Today might not be the day to tackle this subject, because my 11, 13 and 15 year olds have been on summer break (translation: home and available for copious transport) for about a month now. The build up and excitement of the Fourth of July is behind us, and this morning it seems like I am seeing my house for the first time in a month. Where in the heck did all of these socks come from?
Admittedly, my dog Phillip likes to relocate them around the house. But when you are a dog owner, you learn to take certain precautions: don’t leave a plate of food on the coffee table, keep the bathroom doors shut, and (I thought we knew) keep your socks put away/on your feet. Apparently not.

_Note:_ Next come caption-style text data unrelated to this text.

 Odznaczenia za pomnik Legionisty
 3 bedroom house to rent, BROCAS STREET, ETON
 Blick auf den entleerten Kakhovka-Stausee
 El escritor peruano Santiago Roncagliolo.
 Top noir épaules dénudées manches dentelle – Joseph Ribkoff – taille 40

But further, various High School/summer sports mean wardrobe changes. Many, many changes throughout the day. Apparently, those changes must be executed on the first floor, which makes for a light dusting of various items of clothing through out the main living spaces.
Organization and function is always on my mind, so I start with the things that I cannot change, and the one big immovable truth of my home is that I have a first floor laundry room. Back when we built our house, it was popular to have the laundry room on the second floor. We opted not to do that, instead, positioning it off of the garage and off of the locker room, the main thoroughfare into the house. I have never regretted that move, especially when we bought our front loading washer, who’s spin cycle rivals the decibel level of a jet engine.

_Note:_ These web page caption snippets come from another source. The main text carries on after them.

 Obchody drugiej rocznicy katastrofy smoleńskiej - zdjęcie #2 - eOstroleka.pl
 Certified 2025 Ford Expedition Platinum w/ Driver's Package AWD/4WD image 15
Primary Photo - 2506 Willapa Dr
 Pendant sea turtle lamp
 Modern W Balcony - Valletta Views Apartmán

As the kids have aged, I find that they are very good at packing clothing for themselves. Meaning, the clean clothes put neatly away are easy to grab and take with them on the off chance they are needed. But when they are faced with the daunting task of taking an unworn item back to their rooms to hang up, or just tossing it into the laundry room, well, it gets tossed. This. Will. Not. Do. Aside from the fact that it’s not green to be washing unworn clothing, tossing it in the laundry so that mom will fold it and take it up grates my nerves. Maybe now that the kids are older, a second floor laundry room is the answer?

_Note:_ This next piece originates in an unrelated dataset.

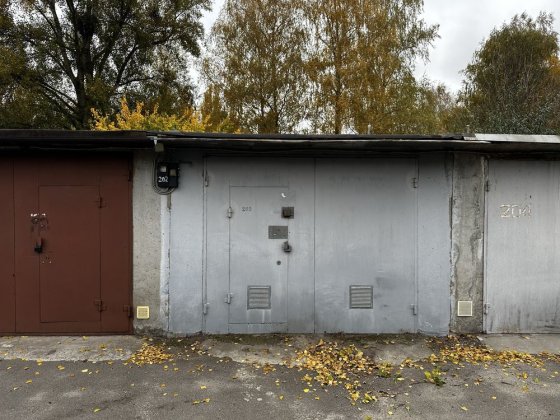 Капітальний цегляний гараж. Івана Дзюби ( Сімʼї Сосніних ) Софіївська Борщагівка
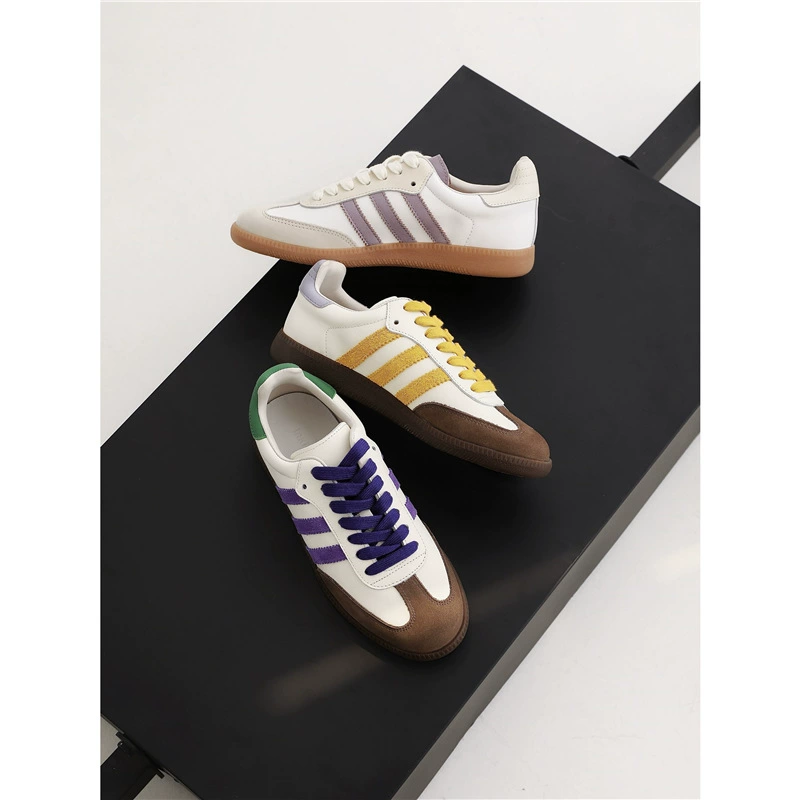 2025 новая модель разработки оптом без маркировки удобные ретро моральные тренировочные туфли для женщин цветные натуральная кожа плоские спортивные и повседневные бордовые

This weekend I asked my ‘squad’ this very question. Those with second floor laundry rooms swear by them. The theory there is that the laundry never comes downstairs. I am not convinced. My fear is that my family will start to dress out of the laundry room. Idea being, it’s all folded or hanging up in there, why move it? I will have to do more research, because next month we go to Maine for a week. And I think it will be hard to convince me it’s a better idea to drag those sandy, sea watery messes through the house and up the stairs than to drop them one foot inside the door. At any rate, here are a couple of laundry rooms that I would GLADLY wash obviously clean clothes in…
I like the function of this room. It’s gorgeous and white with a bit of bling, but I love the hanging bar. I really feel like you can’t have enough hanging space in a laundry room. Drying clothes need room to breathe!
This one makes me so happy to look at, the tile floor, adorable light, blue cabinets, reclaimed wood. So freaking adorable!